### Given records
____

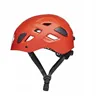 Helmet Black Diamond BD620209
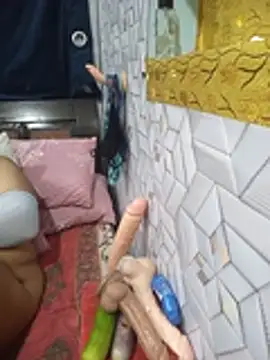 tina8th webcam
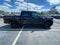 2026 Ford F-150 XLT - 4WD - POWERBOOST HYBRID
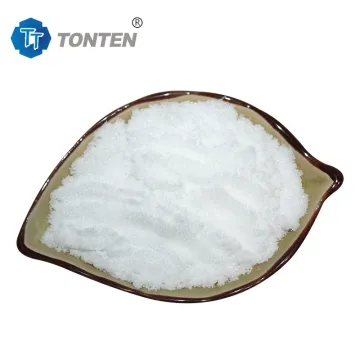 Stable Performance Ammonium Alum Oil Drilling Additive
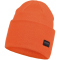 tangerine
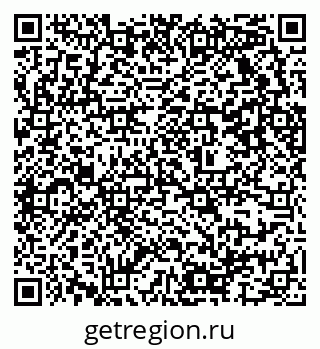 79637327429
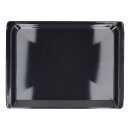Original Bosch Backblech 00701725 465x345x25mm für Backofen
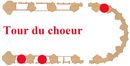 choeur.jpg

____

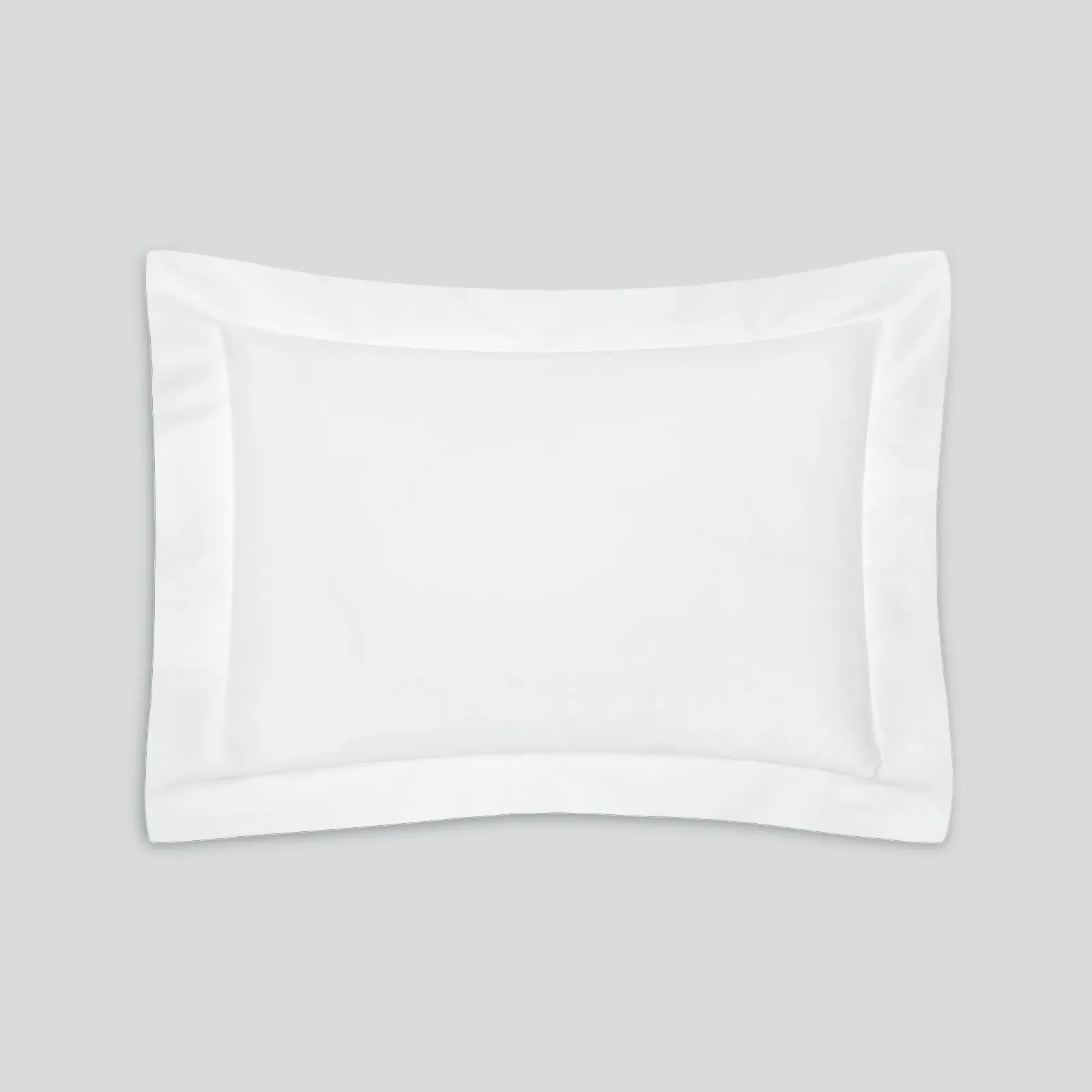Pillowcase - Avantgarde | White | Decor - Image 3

____

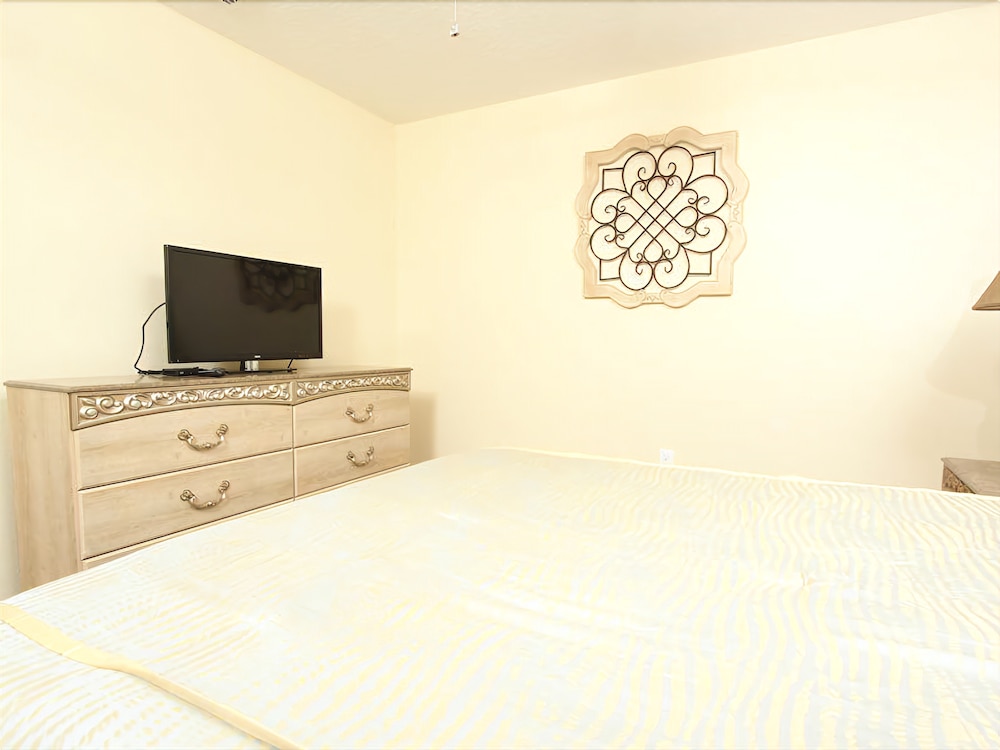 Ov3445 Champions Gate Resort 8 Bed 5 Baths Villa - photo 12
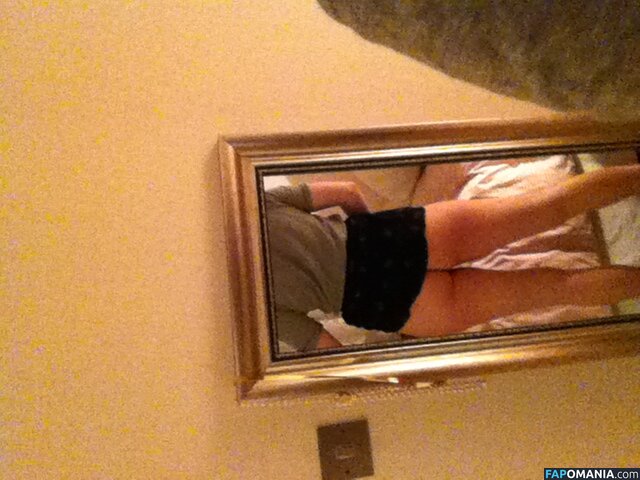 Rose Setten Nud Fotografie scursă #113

____

### Exercise requirements
Give exactly the lines above that run from the line with "Ov3445 Champions Gate" to the line with "Rose Setten Nud Fotografie scursă #113", both included, leaving every picture out.

### Task output
 Ov3445 Champions Gate Resort 8 Bed 5 Baths Villa - photo 12
 Rose Setten Nud Fotografie scursă #113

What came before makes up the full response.